Draw a shape on the left canvas (or pick a preset). The drawing becomes a sequence of pen-stroke deltas — exactly the format Google's Sketch-RNN uses. An LSTM trains on this sequence and generates new sketches in your style.
Your Drawing
Train the LSTM
Loss Curve
Generated Sketch
What the LSTM Sees
Stroke deltas (Δx, Δy) as a 2D scatter.

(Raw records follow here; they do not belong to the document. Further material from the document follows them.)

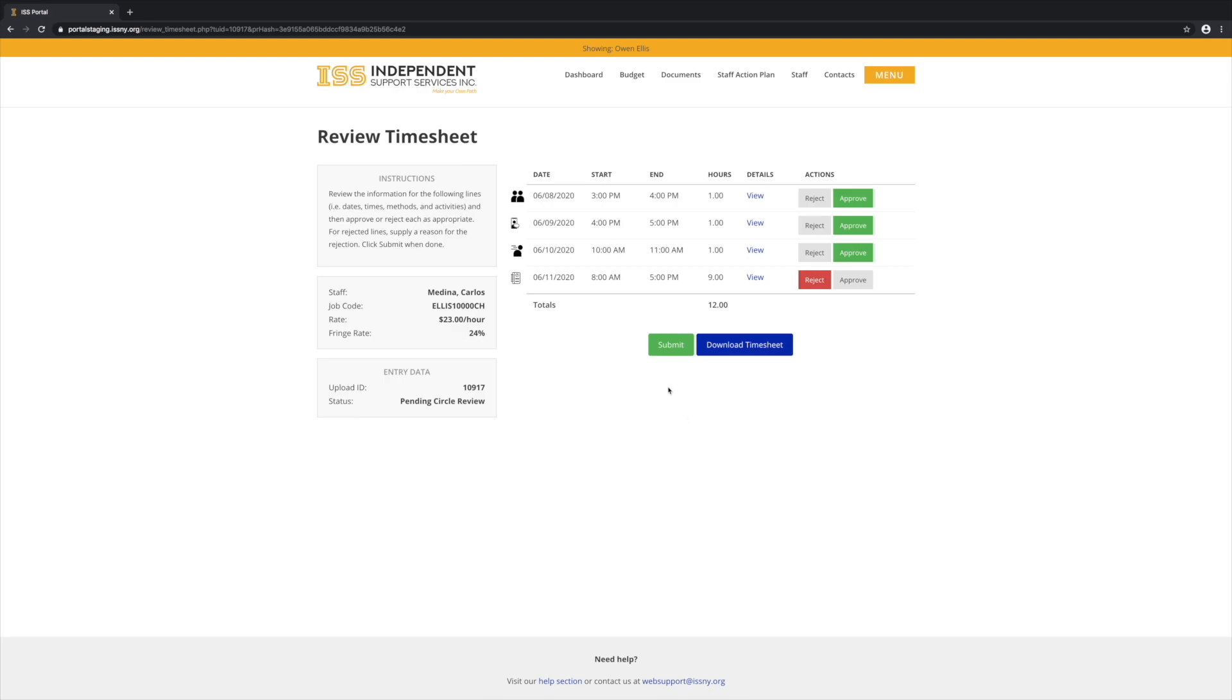And now we would click Submit Timesheet. If all of the lines have been approved, the timesheet will be marked as approved by the circle and will be automatically submitted to ISS within one business day. In this case, since one of the lines was rejected, when we click Submit, the timesheet will be sent back to the support staff for them to make corrections.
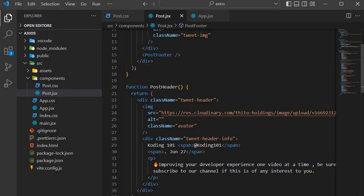We created this project with a Vite template. Vite is a rapid development tool for modern web projects — it focuses on speed and performance by improving the developer experience. Check out my previous video where I advised beginners to switch from Create React App to Vite.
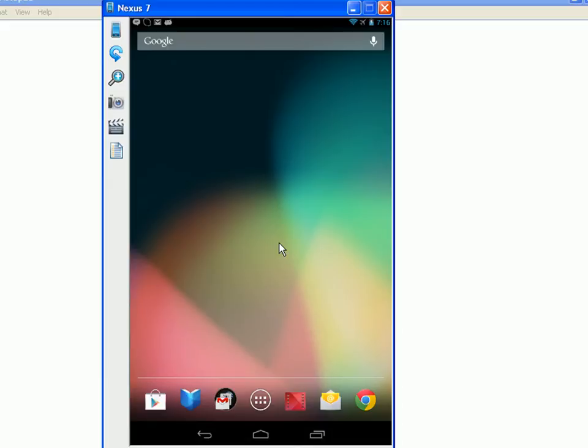Hi, Steve here. Today I want to talk to you about managing contacts on your Android tablet or phone. In this video I'm going to be using the Nexus 7 tablet.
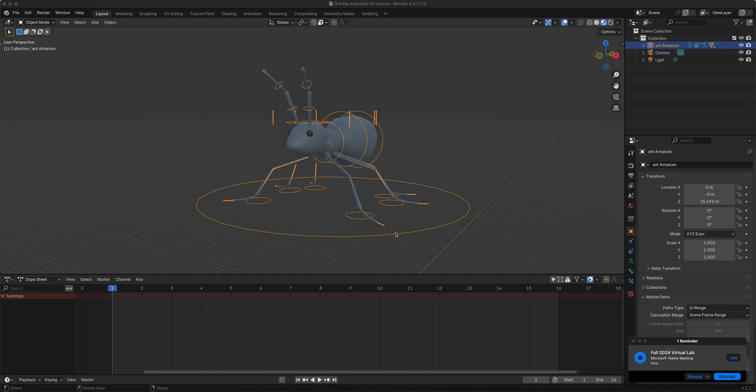All right, part four of the ant modeling, rigging, and animation lessons. We're just going to do a quick walk cycle, and then you will add character to it — it's going to be up to you how you want to animate it. We'll show you a sample for your homework. But now let's just do the classic kind of ant walk cycle.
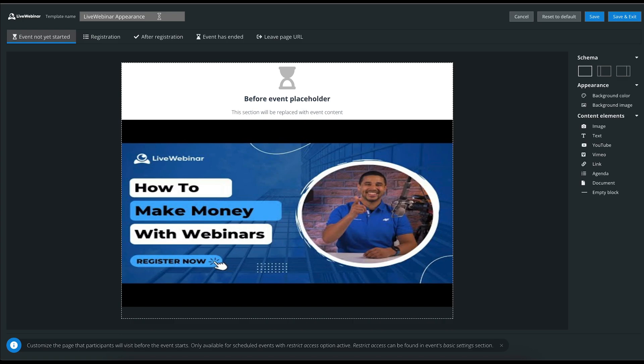You have five pages in the top bar: Event not yet started, registration, after registration, event has ended, and leave page URL.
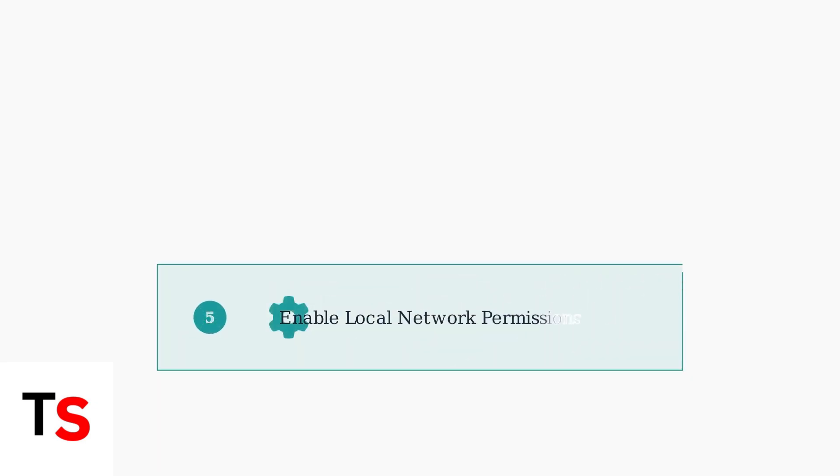In your phone's settings, ensure the Tapo app has local network permissions enabled. This allows the app to discover and connect to devices on your home network.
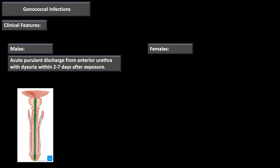In males, there is usually an acute purulent discharge from the anterior urethra with dysuria within two to seven days after exposure — a sudden, pus-like thick discharge from the anterior urethra and painful urination. The urethra is lined with columnar epithelium, which is where the gonococcal infection sets up, resulting in that purulent discharge and painful urination due to inflammation of the tissue. A minority of males are asymptomatic.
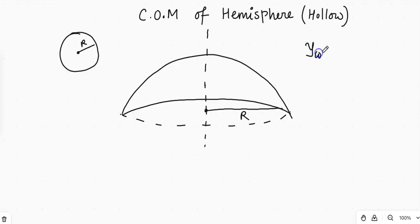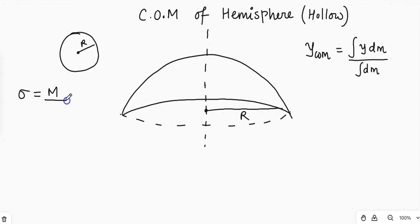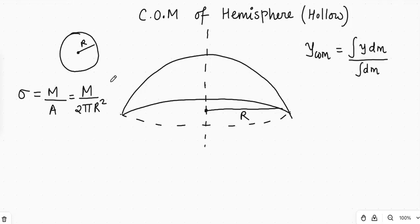We know the center of mass formula: Y_COM = integral of Y·dM divided by integral of dM, where Y is the position of the dM mass. We will take this hemisphere as having a uniform mass per unit area, that is sigma. The area of the hemisphere is 2πr², since the whole sphere has area 4πr². So sigma = M / (2πr²).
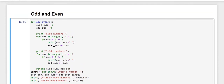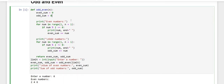Now we will head to our code. First we have defined a function here that is odd_even. Then we have taken a parameter n as the number. Then we have declared two variables: even_sum initialized to 0, and for the odd sum, we have declared a variable odd_sum and initialized its value to 0.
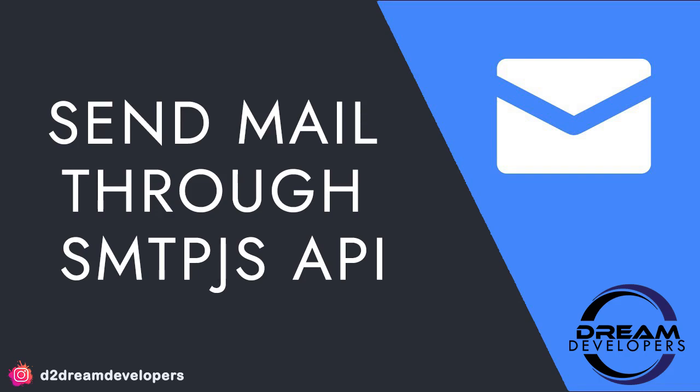Hello guys, I am Kevrat Yaroop. Welcome to Dream Developers. Today we are going to see how to use the SMTPJS API to send email with Javascript. So let's begin.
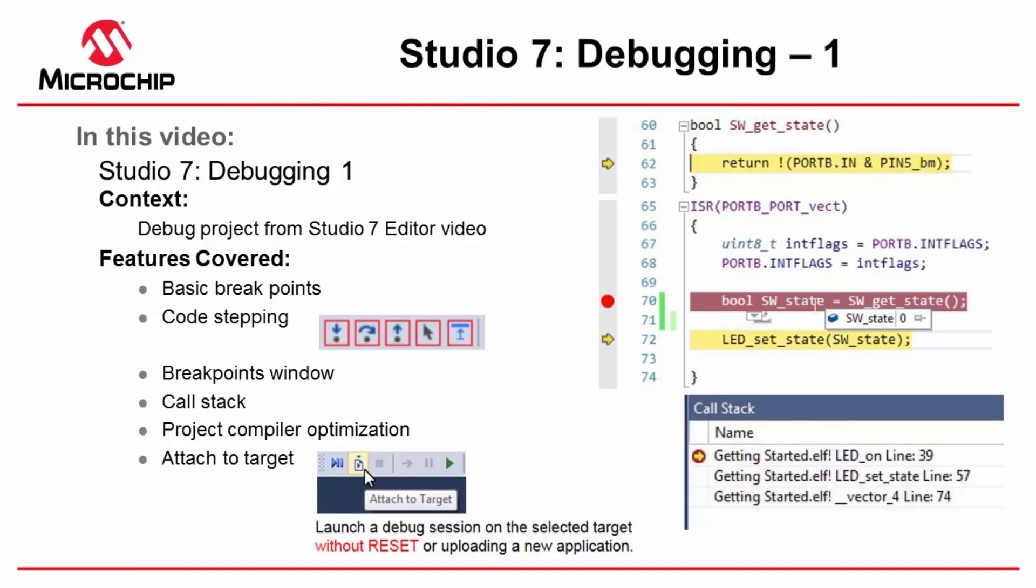In this video I'm going to be covering some of the basic features of debugging in Studio 7. The project we're going to use is following on from what we built up in the Studio 7 editor video.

Each point = one step in the sequence.
GMM mixture weights π (last step)
Architecture in use — chapter map
| Component | Role | Course chapter / paper |
|---|---|---|
| Stroke-3 encoding | (Δx, Δy, pen-state) per step | Ch 32 — Sequences and memory; Ha & Eck (2017) |
| LSTM cell | Maintains state across the stroke sequence | Ch 34 — LSTM and gating |
| BPTT | Trains the recurrence end-to-end | Ch 33 — Backpropagation through time |
| Dense + ReLU head | Non-linear projection before output | Ch 17 — Activations |
| Mixture Density Network | 5 bivariate Gaussians for (Δx, Δy) — captures multimodal next-stroke | Bishop (1994); loss math = Ch 26 log-likelihood |
| 3-way softmax | Pen state {down, up, end-of-drawing} | Ch 26 — categorical CE |
| NLL loss | −log p(Δx, Δy | π, μ, Σ) per step | Ch 26 — maximum likelihood |
| Temperature sampling | Sharpen π and shrink σ at low T | Ch 35 — char-rnn temperature |
| Adam optimiser | Adaptive lr; gradient clipping | Ch 27 — Adam |
| Augmentation (rot+scale+shift) | Synthetic data multiplier on a single drawing | standard ML practice |
Why MDN and not plain regression? A circle's next stroke at any point can go two ways (clockwise or counter-clockwise) — the conditional distribution over (Δx, Δy) is multimodal. Plain MSE regression would average them and produce a degenerate "stay still" prediction. The Gaussian mixture lets the network represent multiple plausible directions and sample one.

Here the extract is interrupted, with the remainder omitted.